Material for this exercise: Begin
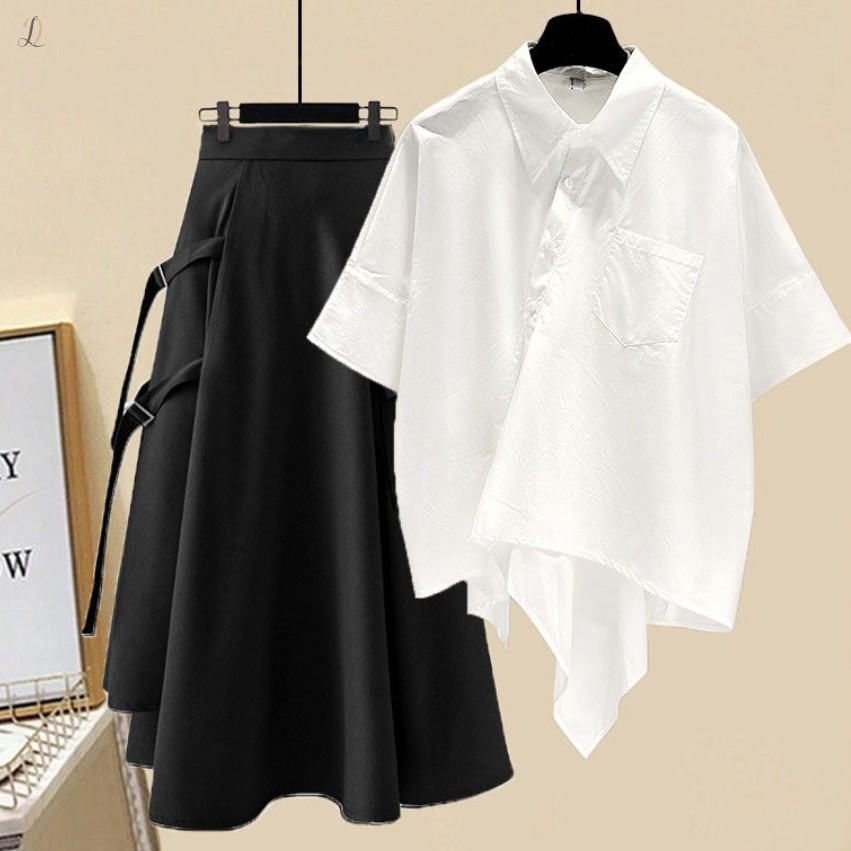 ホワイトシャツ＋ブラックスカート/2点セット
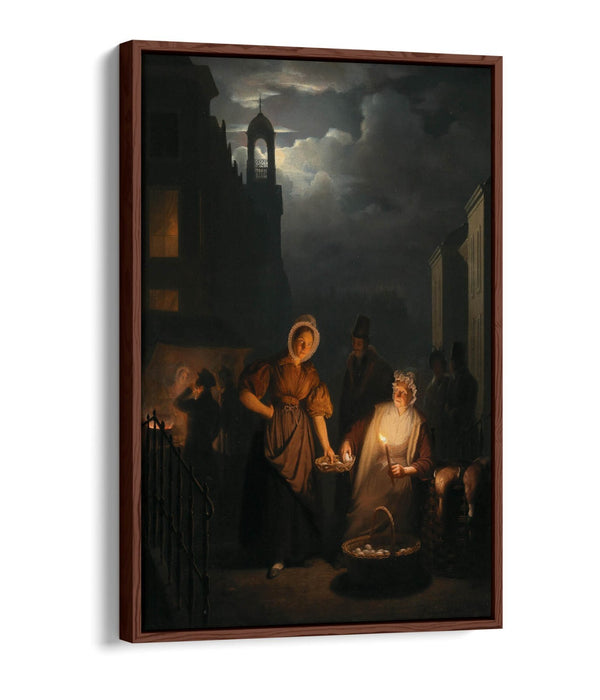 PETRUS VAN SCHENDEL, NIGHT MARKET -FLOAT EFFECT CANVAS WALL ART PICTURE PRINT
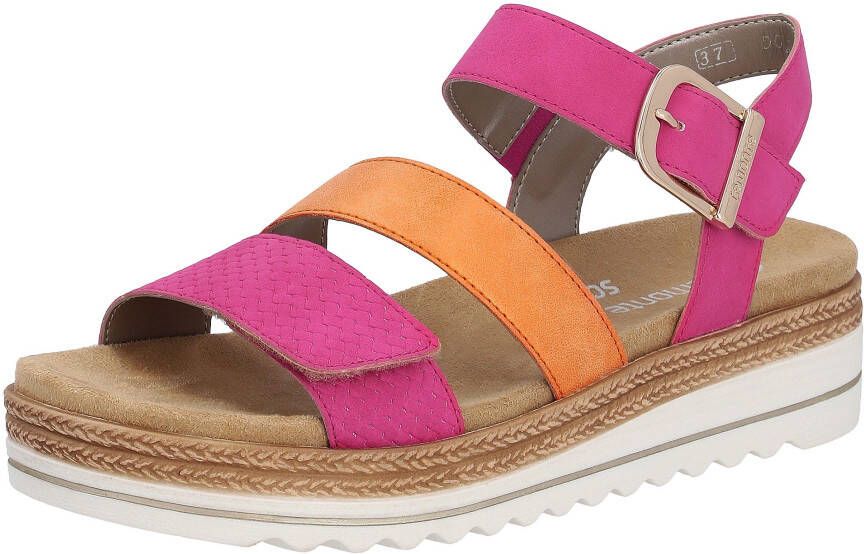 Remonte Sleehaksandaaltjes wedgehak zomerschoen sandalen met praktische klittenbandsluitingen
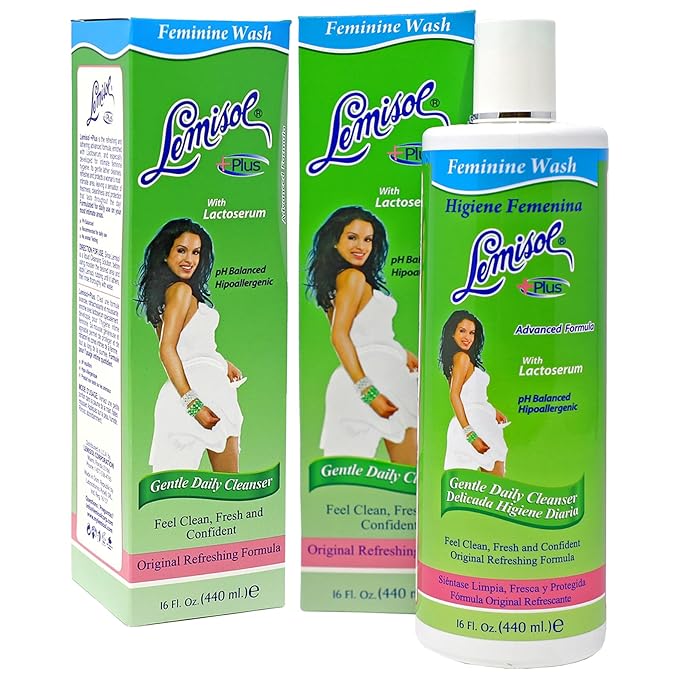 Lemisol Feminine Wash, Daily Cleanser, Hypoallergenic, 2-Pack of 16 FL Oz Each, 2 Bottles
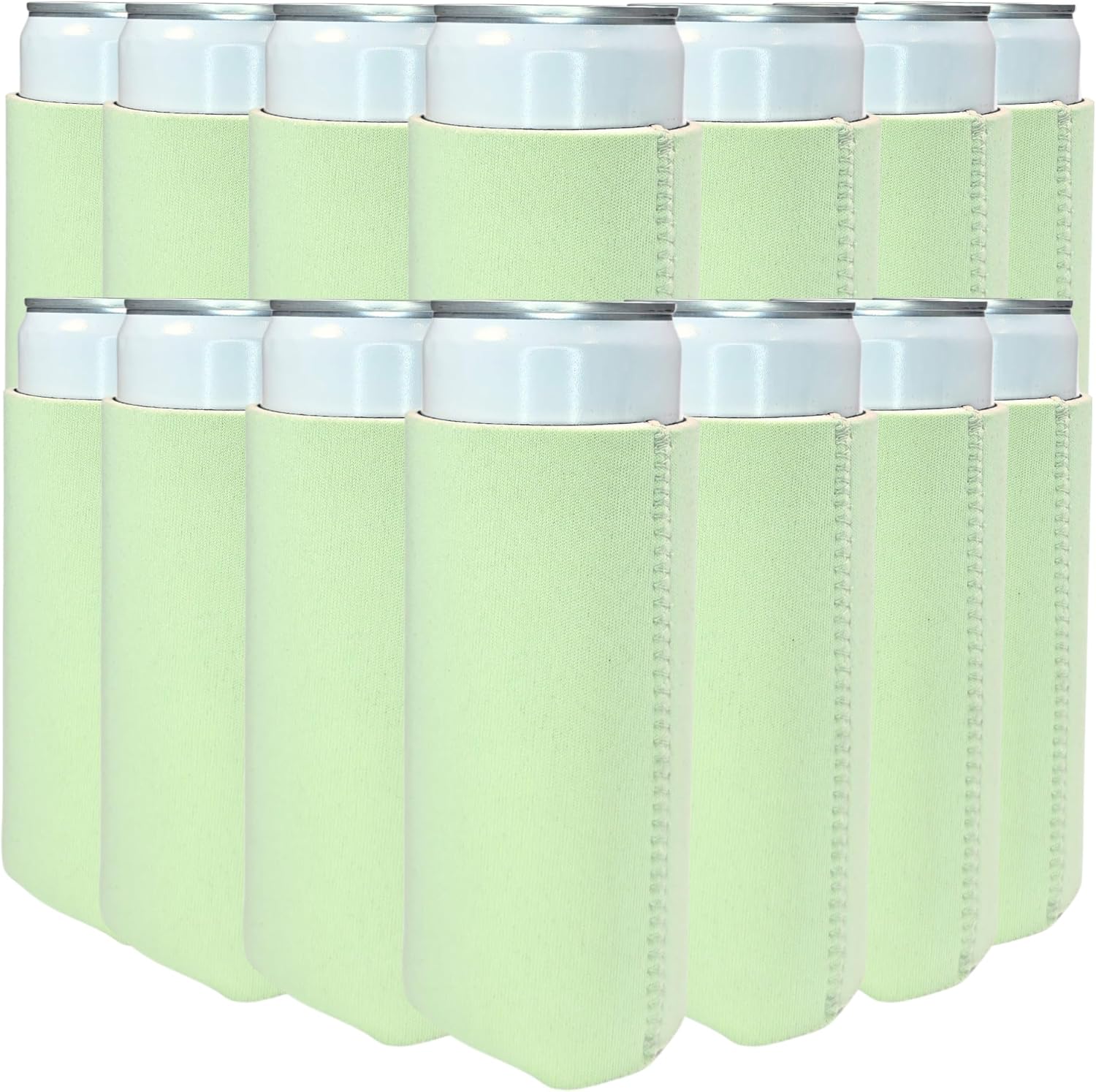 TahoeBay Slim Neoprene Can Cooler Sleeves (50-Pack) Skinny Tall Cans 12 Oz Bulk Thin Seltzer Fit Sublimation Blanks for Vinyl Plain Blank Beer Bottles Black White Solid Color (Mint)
Material for this exercise: End
Exercise goal: Everything from the line with "Remonte Sleehaksandaaltjes wedgehak" through the final line of the records above should be written out exactly, minus the pictures.

Response for this exercise:
 Remonte Sleehaksandaaltjes wedgehak zomerschoen sandalen met praktische klittenbandsluitingen
 Lemisol Feminine Wash, Daily Cleanser, Hypoallergenic, 2-Pack of 16 FL Oz Each, 2 Bottles
 TahoeBay Slim Neoprene Can Cooler Sleeves (50-Pack) Skinny Tall Cans 12 Oz Bulk Thin Seltzer Fit Sublimation Blanks for Vinyl Plain Blank Beer Bottles Black White Solid Color (Mint)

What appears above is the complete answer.